Firefighter dies in California’s El Dorado wildfire sparked by gender-reveal party – Fox News

A firefighter has died while battling the El Dorado fire that was started by a gender-reveal party in Southern California, officials said Friday.

“The name is being withheld pending notification of next of kin. Our deepest sympathies are with the family, friends and fellow firefighters during this time,” the U.S. Forest Service said in a statement relased via Twitter on Friday.


Officials said the incident took place Thursday. The cause of the firefighter’s death is under investigation. The Forest Service did not confirm whether or not the death occurred at the scene of the fire.

The firefighter’s death in the El Dorado fire is the latest tragedy caused by blazes that are continuing to ravage the western United States.

The blaze has consumed the San Bernardino National Forest since Sept. 7, destroying more than 19,000 acres. The fire is about 66% contained, the LA Times reported.

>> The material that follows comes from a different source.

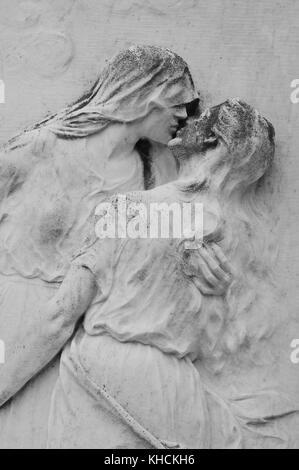 A gravestone on San Michele, Venice's cemetery island, depicting a couple embracing Stock Photo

Officials have alleged that a “gender-reveal” party started the fire when the family attempted to use a “smoke-generating device” to reveal a baby’s sex, which then ignited nearby grass and quickly spread, The New York Times reported.

The San Bernardino County Sheriff’s Department could not say whether the family who allegedly started the fire would be charged for the death, but Capt. Bennet Milloy of the California Department of Forestry and Fire Protection said that criminal charges were being considered. He added that any charges would wait until after the fire has been extinguished.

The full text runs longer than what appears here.